NVIDIA, the world leader in accelerated computing, is seeking a Senior Datacenter Resiliency (RAS) Architect to join their innovative team. This role combines hardware and software architecture expertise to enhance the reliability and performance of NVIDIA's cutting-edge datacenter GPUs and SOCs. The position focuses on developing resilient computing solutions for AI and high-performance computing applications.

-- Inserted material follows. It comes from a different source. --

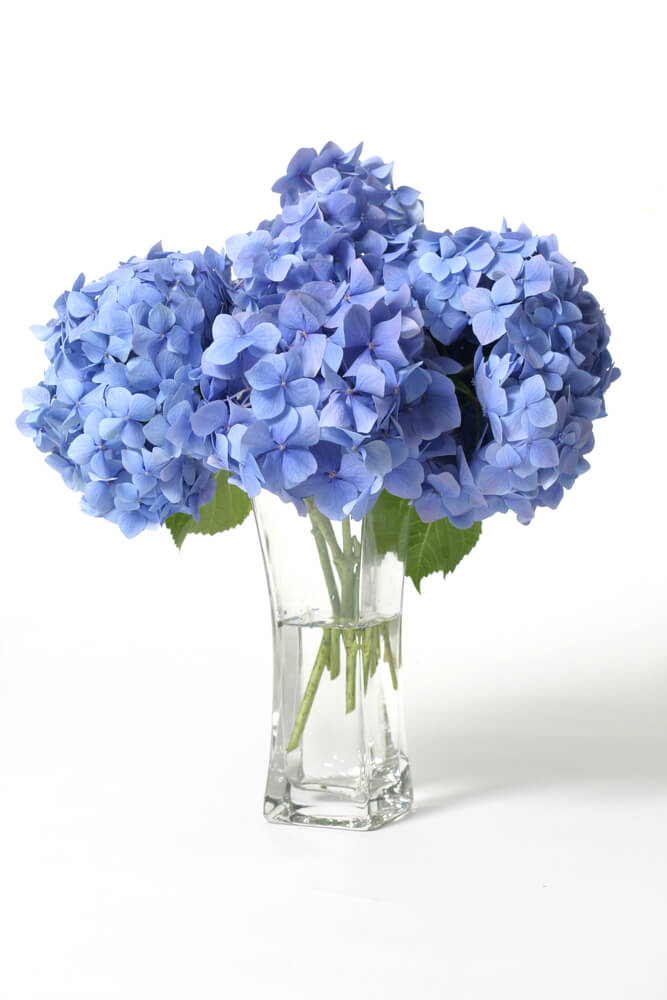 Hydrangeas in vase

The role requires deep technical expertise in computer architecture, particularly in GPU systems and reliability engineering. You'll be responsible for architecting hardware and software features that improve system reliability, analyzing complex metrics, and developing comprehensive verification systems. This position offers the opportunity to work with state-of-the-art technology and directly impact the future of AI computing infrastructure.
The ideal candidate will bring a strong academic background (Master's or PhD) in Computer or Electrical Engineering, combined with 5+ years of relevant experience. Expertise in GPU architecture, RAS features, and programming skills in Python, C++, and CUDA are essential. The position offers competitive compensation ranging from $184,000 to $356,500, plus equity and benefits.
This is an exciting opportunity to join NVIDIA's Accelerated and Resilient Compute Systems team, working at the intersection of hardware and software to build reliable, high-performance computing platforms. The role is perfect for someone passionate about pushing the boundaries of computing technology and contributing to the advancement of AI and HPC infrastructure.